Mondschein se enderezó de un salto. Su mano apretó la copa y estuvo a punto de romperla.

—¿Cómo podrían hacerlo?

—Supon que podamos. ¿Aceptarías obtener cierta información de los laboratorios y transmitírnosla?

—¿Espiar para ustedes?

—Puedes llamarlo así.

—Me parece repugnante.

—Serás recompensado por ello.

—Mejor que la recompensa sea buena.

—Te ofrecemos un puesto de décimo grado en nuestra organización —dijo el hereje en voz baja, inclinándose hacia delante—. Lo mismo te costaría quince años en la Hermandad. Somos una organización mucho más pequeña; ascenderás más rápido en nuestra jerarquía que donde estás ahora. Un hombre ambicioso como tú podría llegar muy cerca de la cumbre antes de cumplir cincuenta años.

—¿Qué tiene de bueno llegar muy cerca de la cumbre en una jerarquía de segunda división? —preguntó Mondschein.

—¡Es que no seremos de segunda división, gracias a la información que nos proporcionarás! Nos ayudará a crecer. Millones de personas abandonarán la Hermandad para unirse a nosotros cuando sepan lo que les ofrecemos… Todo lo que ella posee, más nuestros propios valores. Nos extenderemos con rapidez, y conseguirás una posición elevada, porque habrás apostado por nosotros desde el principio.

Mondschein comprendió la lógica que encerraban aquellas palabras. La Hermandad ya estaba plagada de burócratas bien afianzados, poderosos y ricos. El ascenso era virtualmente imposible. Sin embargo, si brindaba su lealtad a un grupo pequeño pero dinámico, cuya ambición rivalizaba con la suya…

—No saldrá bien —dijo con tristeza.

—¿Porqué?

—Dando por sentado que puedan introducirme en Santa Fe, seré examinado por espers mucho antes de llegar allí. Sabrán que voy como espía y me rechazarán. Mis recuerdos de esta conversación me traicionarán.

El hombre gordo esbozó una amplia sonrisa.

—¿Por qué piensas que recordarás esta conversación? ¡Nosotros también tenemos nuestros espers, acólito Mondschein!

4

La habitación en la que se encontró Christopher Mondschein estaba pavorosamente vacía.

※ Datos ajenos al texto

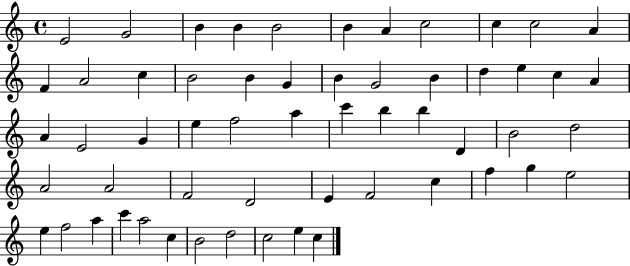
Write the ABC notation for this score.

Era un cuadrado perfecto, construido tal vez con un margen de error de centésimas de milímetro, y no había nada más que el propio Mondschein. Ni muebles, ni ventanas, ni siquiera una telaraña. Apoyó el peso del cuerpo sobre un pie y luego sobre el otro, levantó la vista hacia el alto techo y buscó sin éxito la fuente de la constante y suave iluminación. Tampoco sabía en qué ciudad se hallaba. Le habían sacado de Roma al amanecer. Podría estar en Yakarta, o quizá en Akron.

Todo el asunto despertaba en él una profunda desconfianza. Los armonistas le habían asegurado que no correría riesgos, pero Mondschein no compartía su seguridad. La Hermandad no habría alcanzado su envergadura sin desarrollar métodos de autoprotección. A pesar de las garantías recibidas, cabía la posibilidad de que le detectaran mucho antes de acceder a los laboratorios secretos de Santa Fe, y lo que sucedería a continuación no sería agradable.